Deep graph traversals with labelled output

Question

I'm trying to write a function to generate a Gremlin query. The input of the function is an array of array of strings, with the names of relationships we want to return from the graph. The graph contains information on TV and movies. So an example input would be: [[seasons, episodes, talent], [studios, movies, images]] The strings refer to edge names.

I need to return a JSON object containing the IDs for the vertices labelled by their edge names but I'm finding the Germlin query very difficult.

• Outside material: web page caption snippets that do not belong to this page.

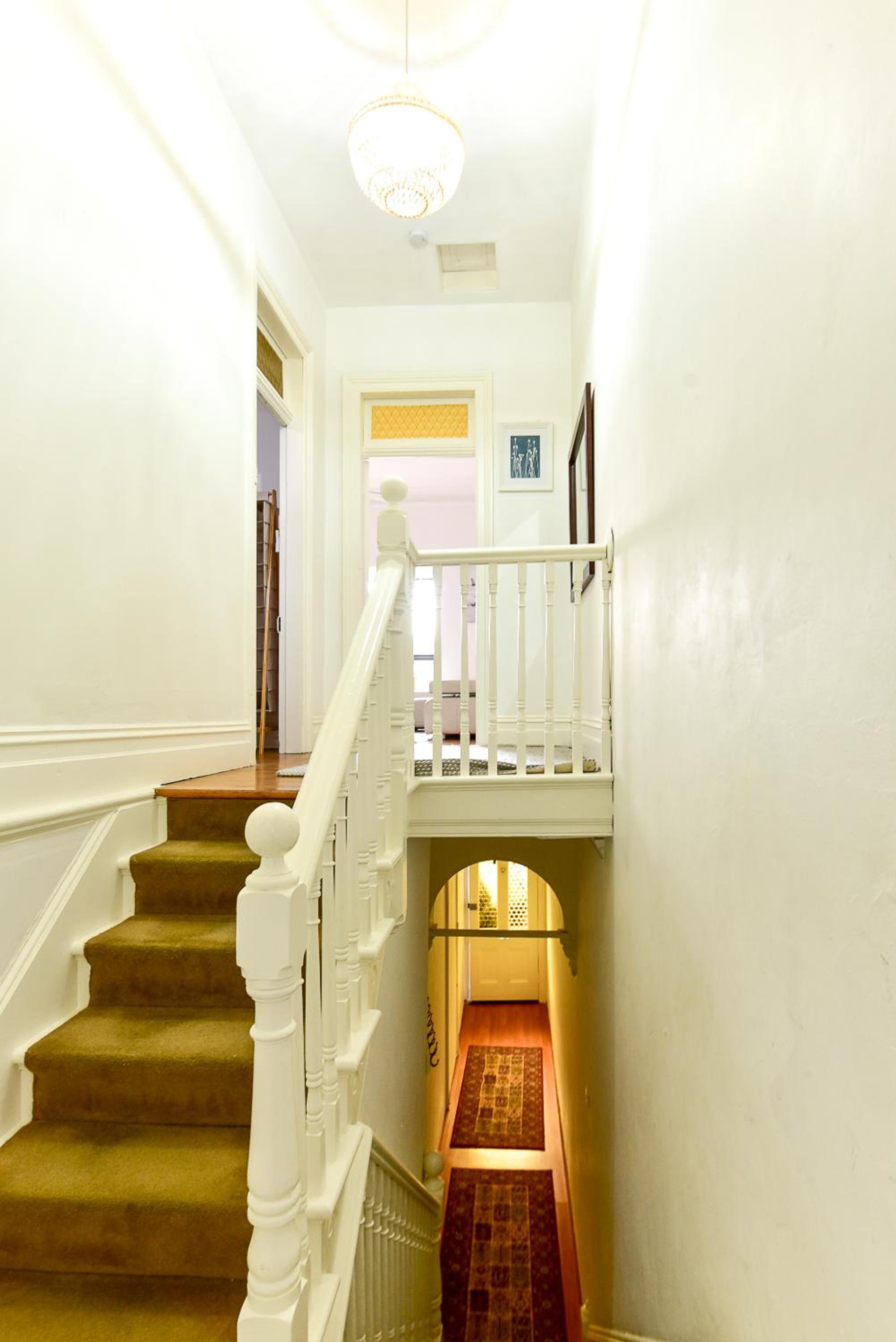 Sunny Apartment in Surry Hills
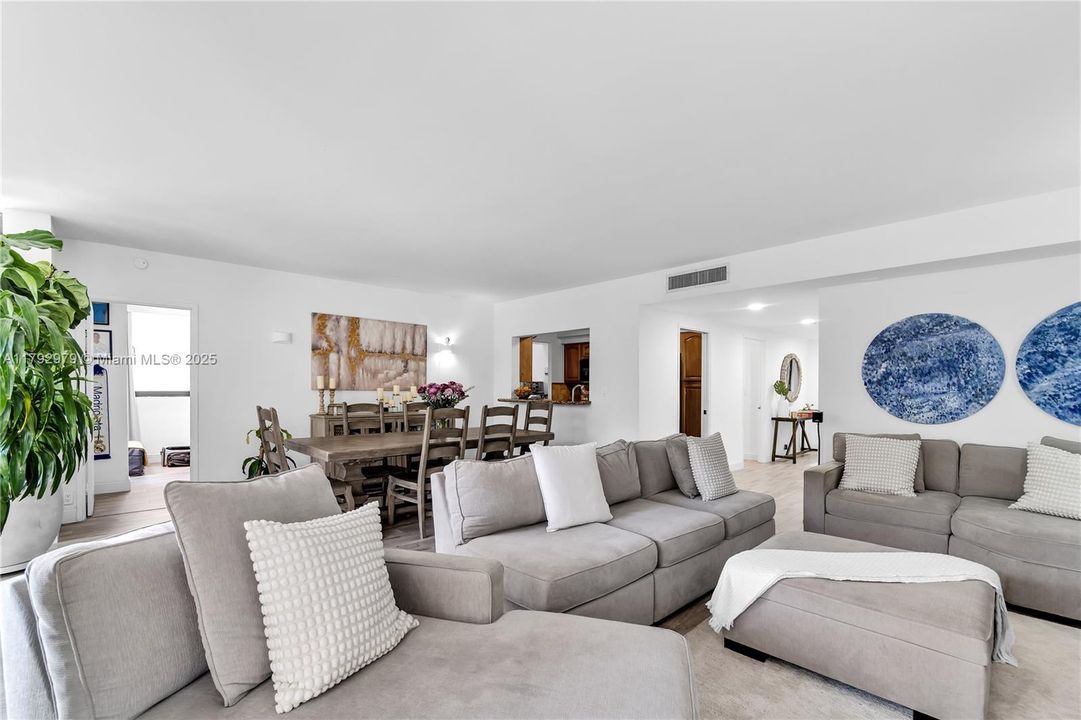 Недавно продано: $1,350,000 (3 спален, 2 ванн, 1955 Квадратных фут)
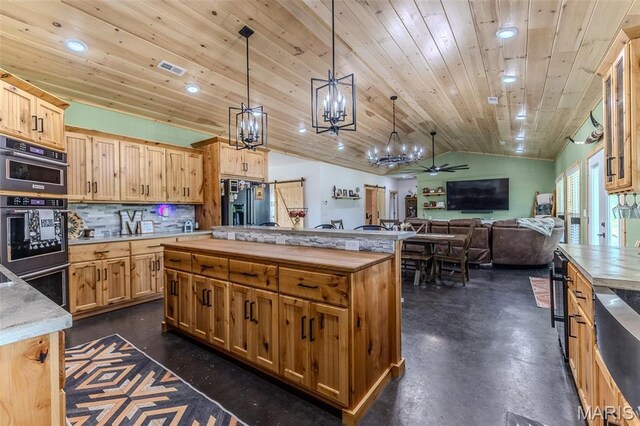 15191 Pecan Dr, Lebanon, MO 65536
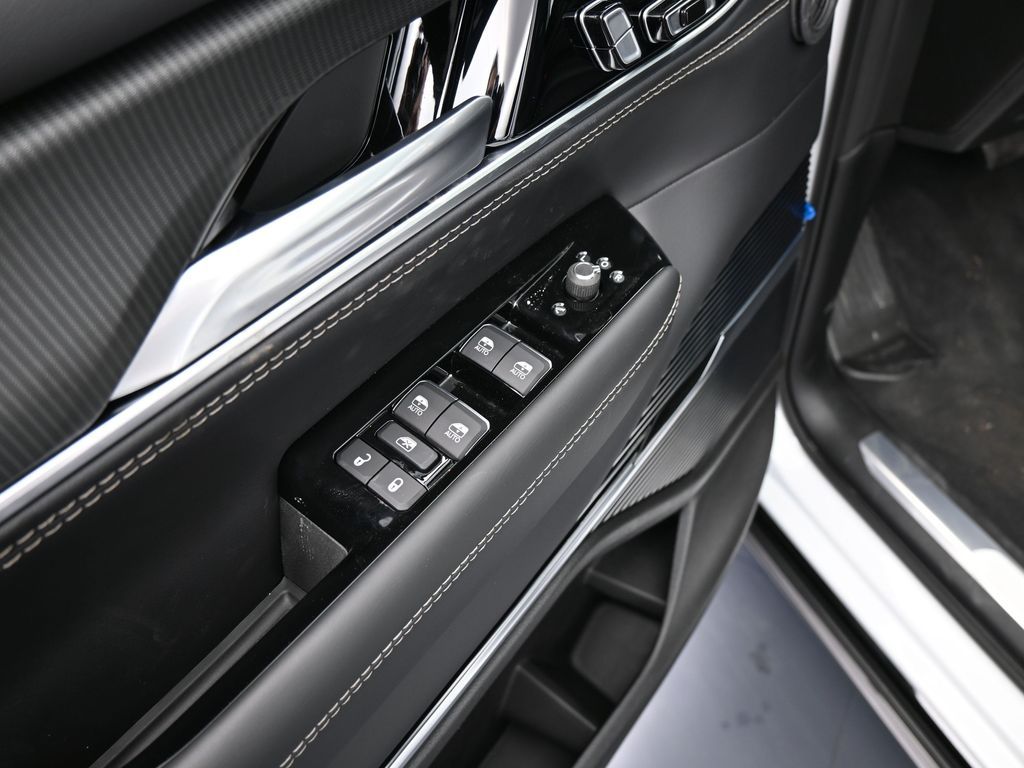 New 2026 Bright White Clearcoat Jeep Summit Obsidian image 14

So far I've managed to write this query:

g.V('network_1').out().where(__.inE().
    hasLabel('seasons')).
  group().
    by(__.inE().label()).
    by(__.group().by(T.id).
        by(__.out().where(__.inE().
            hasLabel('episodes')).
          group().
            by(__.inE().label()).
            by(__.group().by(T.id).
                by(__.out().where(__.inE().
                    hasLabel('talent')).
                  group().
                    by(__.inE().label()).by(T.id))))).
  next()

Which gives this output:

{
  "seasons": {
    "season_2": {
      "episodes": {
        "episode_4": {
          "talent": [
            "talent_8",
            "talent_6",
            "talent_7"
          ]
        }
      }
    },
    "season_1": {
      "episodes": {
        "episode_2": {
          "talent": [
            "talent_2",
            "talent_3"
          ]
        },
        "episode_3": {
          "talent": [
            "talent_4",
            "talent_5"
          ]
        },
        "episode_1": {
          "talent": [
            "talent_1"
          ]
        }
      }
    }
  }
}

That output is exactly the kind of thing I'm looking for however the problems are:

That query seems hugely over complicated
The array of edges to query could be any size. In my example its 3, but it could be anything.
In the example there are 2 arrays of edges to query, which ideally I could combine into one query

I'm writing this in Python, and would be hugely appreciative of any help or pointers.

Example content:

g.addV('show').property('id', 'show_1').as('show_1').
  addV('season').property('id', 'season_1').as('season_1').
  addV('season').property('id', 'season_2').as('season_2').
  addV('episode').property('id', 'episode_1').as('episode_1').
  addV('episode').property('id', 'episode_2').as('episode_2').
  addV('episode').property('id', 'episode_3').as('episode_3').
  addV('episode').property('id', 'episode_4').as('episode_4').
  addV('talent').property('id', 'talent_1').as('talent_1').
  addV('talent').property('id', 'talent_2').as('talent_2').
  addV('talent').property('id', 'talent_3').as('talent_3').
  addV('talent').property('id', 'talent_4').as('talent_4').
  addV('talent').property('id', 'talent_5').as('talent_5').
  addV('talent').property('id', 'talent_6').as('talent_6').
  addV('talent').property('id', 'talent_7').as('talent_7').
  addV('talent').property('id', 'talent_8').as('talent_8').
  addE('seasons').from('show_1').to('season_1').
  addE('seasons').from('show_1').to('season_2').
  addE('episodes').from('season_1').to('episode_1').
  addE('episodes').from('season_1').to('episode_2').
  addE('episodes').from('season_1').to('episode_3').
  addE('episodes').from('season_2').to('episode_4').
  addE('talent').from('episode_1').to('talent_1').
  addE('talent').from('episode_2').to('talent_2').
  addE('talent').from('episode_2').to('talent_3').
  addE('talent').from('episode_3').to('talent_4').
  addE('talent').from('episode_3').to('talent_5').
  addE('talent').from('episode_4').to('talent_6').
  addE('talent').from('episode_4').to('talent_7').
  addE('talent').from('episode_4').to('talent_8').iterate()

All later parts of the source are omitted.